Supplied material
****
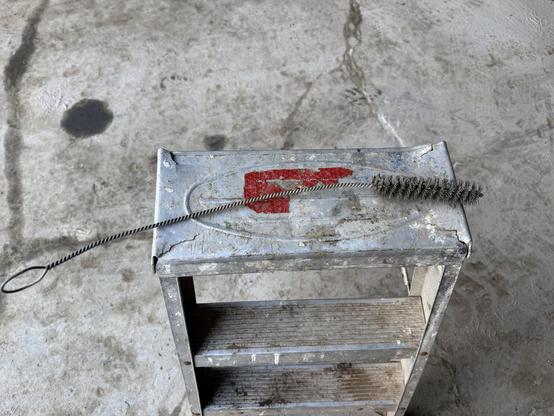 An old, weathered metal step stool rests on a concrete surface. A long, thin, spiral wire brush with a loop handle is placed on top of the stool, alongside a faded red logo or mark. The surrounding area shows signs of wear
****
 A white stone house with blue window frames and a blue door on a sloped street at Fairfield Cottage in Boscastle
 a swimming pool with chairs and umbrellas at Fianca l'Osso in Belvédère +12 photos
****
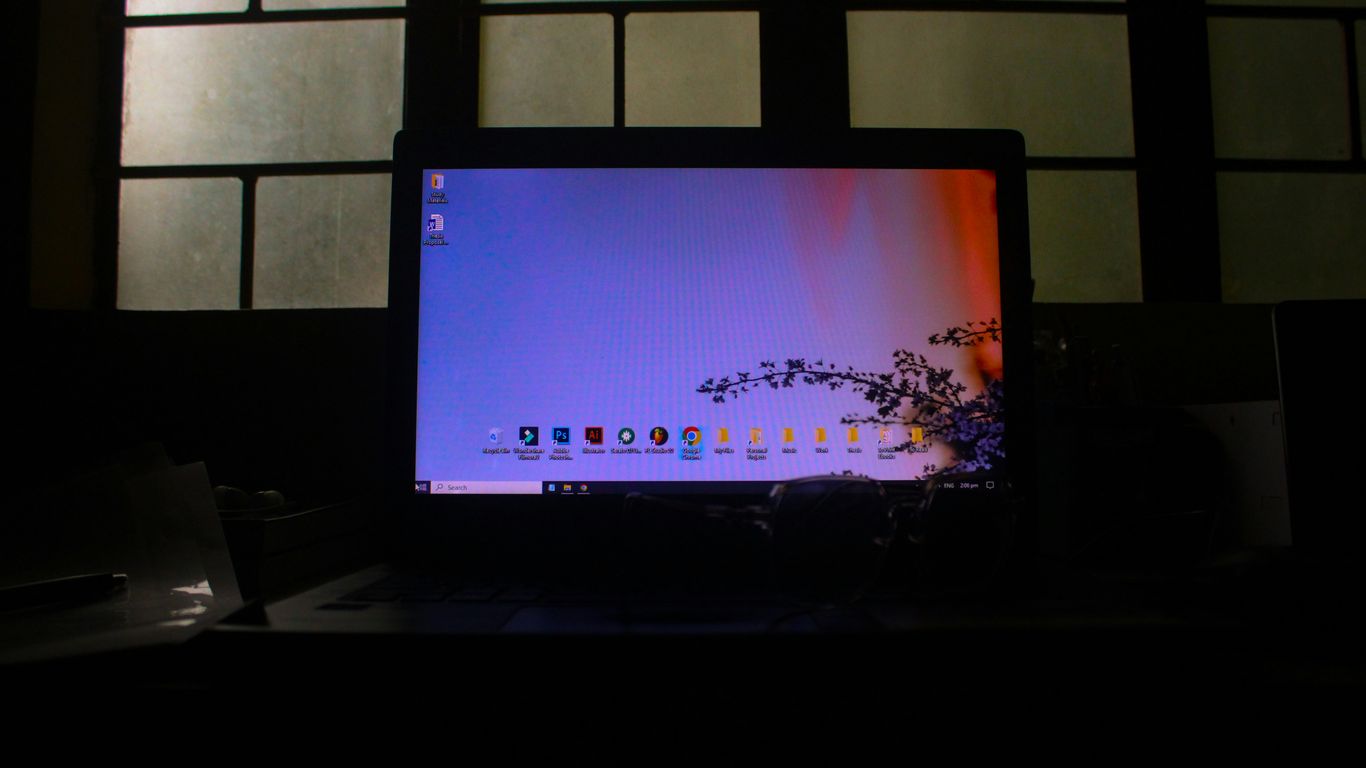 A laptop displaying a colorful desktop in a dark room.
****
Transcribe each line of the data above, unaltered, from the one where "A white stone" appears to the one where "a swimming pool" appears, inclusive of both.

Exercise answer
 A white stone house with blue window frames and a blue door on a sloped street at Fairfield Cottage in Boscastle
 a swimming pool with chairs and umbrellas at Fianca l'Osso in Belvédère +12 photos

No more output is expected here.